Both immunoglobulin G (IgG) and immunoglobulin M (IgM) antibodies have been detected, with specific IgG subtypes varying by condition. Women with neural tube defect (NTD) pregnancies predominantly show IgG1 and IgG2 isotypes, while children with cerebral folate deficiency (CFD) syndrome typically exhibit IgG1 and IgG4 isotypes.

The FRα autoantibody test uses sophisticated methods to detect these antibodies in serum samples. As mentioned before, two complementary assays are employed.

The FRAT^® test offers several critical advantages:

Early Detection: Before symptoms appear, identifying at-risk women and children enables preventive intervention

Personalized Treatment: Confirms which patients may benefit from high-dose folinic acid therapy rather than standard folate supplementation

Monitoring Response: Tracks antibody levels over time to assess dietary interventions (like dairy elimination) and treatment efficacy

Family Screening: Given the familial association in ASD, testing parents and siblings may identify additional at-risk individuals

The discovery of folate receptor autoantibodies has transformed our understanding of folate-related disorders beyond simple nutritional deficiency.
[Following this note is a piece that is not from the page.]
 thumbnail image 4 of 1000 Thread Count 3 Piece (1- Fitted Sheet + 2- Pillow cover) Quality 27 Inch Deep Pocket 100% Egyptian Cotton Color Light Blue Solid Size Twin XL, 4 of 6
By identifying an autoimmune mechanism that disrupts folate transport to the brain and developing fetus, researchers have opened new diagnostic and therapeutic possibilities. The FRAT^® test, the only assay in the world that screens for blocking and binding autoantibodies, provides a simple blood-based method to identify individuals who may benefit from targeted interventions—potentially preventing or reversing devastating neurodevelopmental consequences.